= WHAT THE TASK REQUIRES =
Please copy out the entries below exactly, beginning with the line that contains "Load image into" and ending with the line that contains "Serene Cloud Inspired Glass Pendant Light", and include nothing outside that span.

= AVAILABLE DATA =

◆ ◆ ◆ ◆ ◆ ◆ ◆

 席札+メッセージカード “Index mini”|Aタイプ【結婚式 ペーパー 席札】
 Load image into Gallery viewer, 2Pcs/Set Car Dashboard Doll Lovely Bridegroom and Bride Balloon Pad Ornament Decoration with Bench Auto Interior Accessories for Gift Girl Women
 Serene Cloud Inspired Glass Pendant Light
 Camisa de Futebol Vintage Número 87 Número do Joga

◆ ◆ ◆ ◆ ◆ ◆ ◆

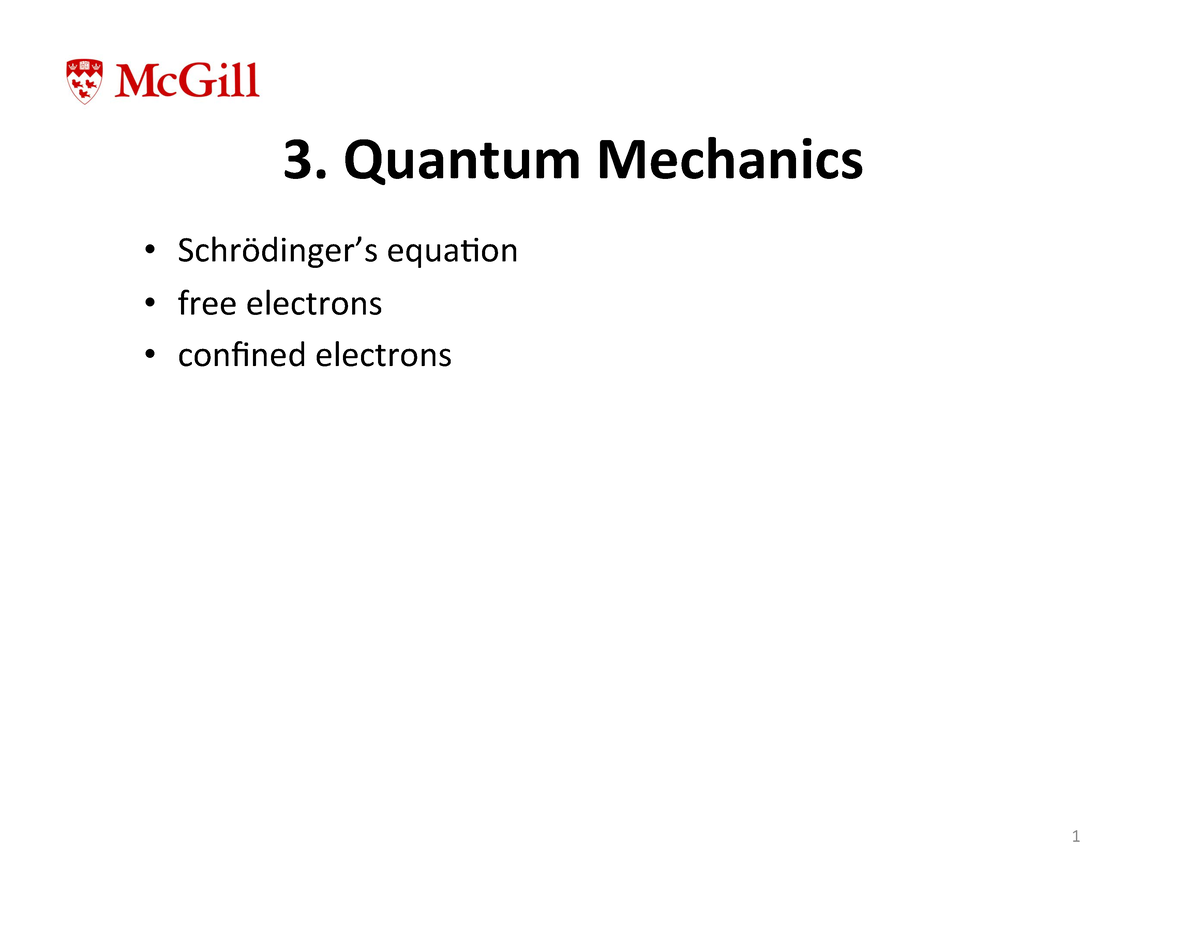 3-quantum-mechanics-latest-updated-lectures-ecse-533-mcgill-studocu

◆ ◆ ◆ ◆ ◆ ◆ ◆

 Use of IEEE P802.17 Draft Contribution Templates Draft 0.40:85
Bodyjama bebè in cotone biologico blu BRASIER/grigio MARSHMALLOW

◆ ◆ ◆ ◆ ◆ ◆ ◆

= EXERCISE SOLUTION =
 Load image into Gallery viewer, 2Pcs/Set Car Dashboard Doll Lovely Bridegroom and Bride Balloon Pad Ornament Decoration with Bench Auto Interior Accessories for Gift Girl Women
 Serene Cloud Inspired Glass Pendant Light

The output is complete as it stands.